Open max-padgett opened 3 years ago
Thanks for your interest. How many steps do you want to train the model? In our experiments, it took about 2 weeks to train the model up to 2.5M steps with two V100. I would like to suggest 2 ideas. 1) The model can achieve sufficient quality before reaching the target training step. Therefore, it would be a good idea to check the quality repeatedly before reaching the target step. 2) We provide discriminator weights for the universal model. It would be a good idea to conduct transfer learning with the weights.
Thank you for replying quickly. I'm doing a project based on modifying hifigan. Unfortunately I'm strapped for time and didn't take into account the training time involved.

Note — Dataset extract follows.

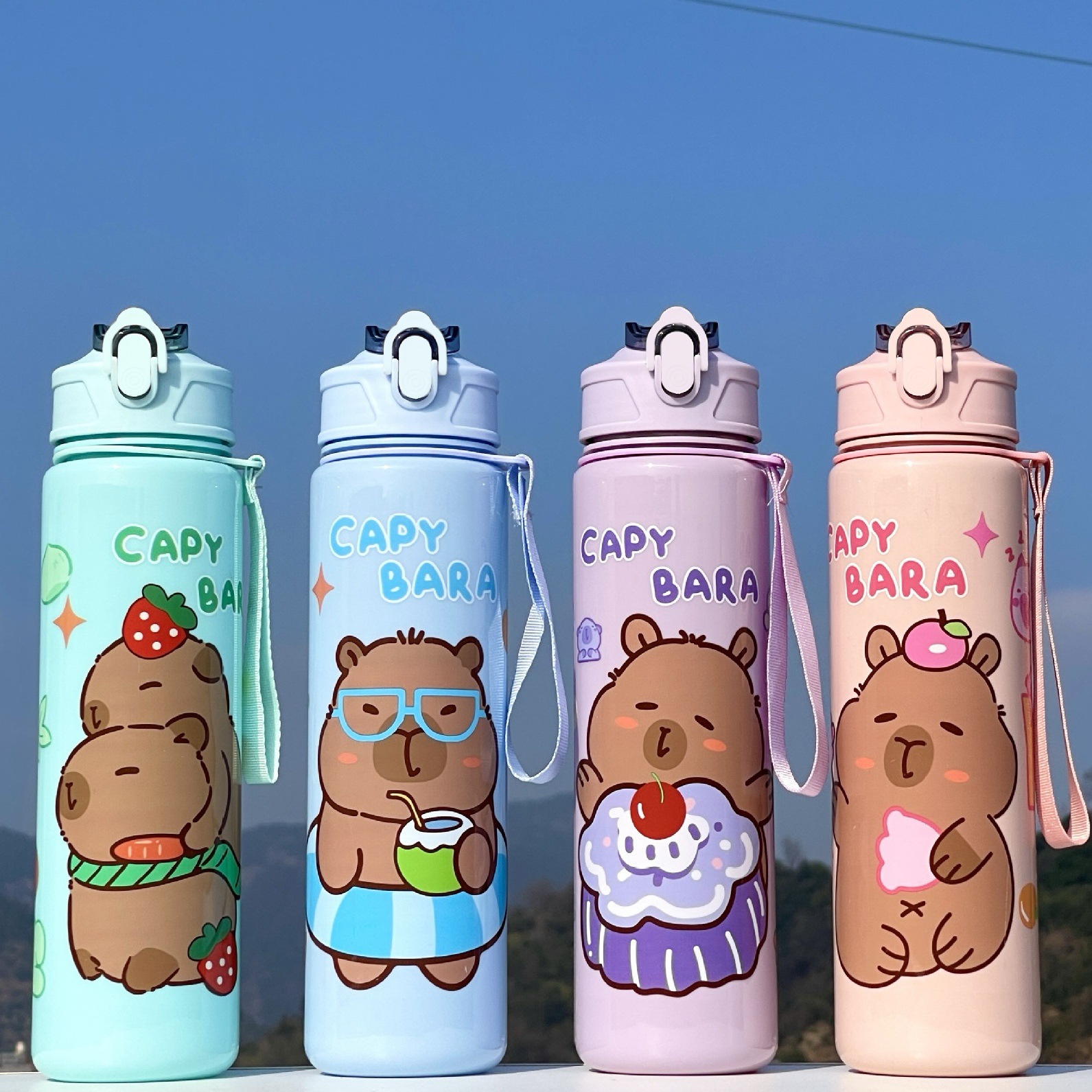 2025 New cross-border wholesale cute cartoon pattern Kapipala plastic cup, high appearance level with straw space cup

So two questions.
It may vary depending on the difference between the original training data and the training data for transfer learning, so it would be a good idea to check it through experimentation. For reference, in our experiments we found that a model fine-tuned up to 100k steps synthesizes good quality audio. Since this is the case of fine tuning for the same speaker, it may differ from your experimental conditions.
I'm trying to just run train.py with google colab pro (V100 16GB GPU). According to the amount of time it takes per epoch it should take 11ish days (not possible with google colab) to train. Does this sound about right for this model or is there some kind of major bottleneck somewhere? Sorry for the stupid question, I've been trying to speed it up and just want some kind of comparison.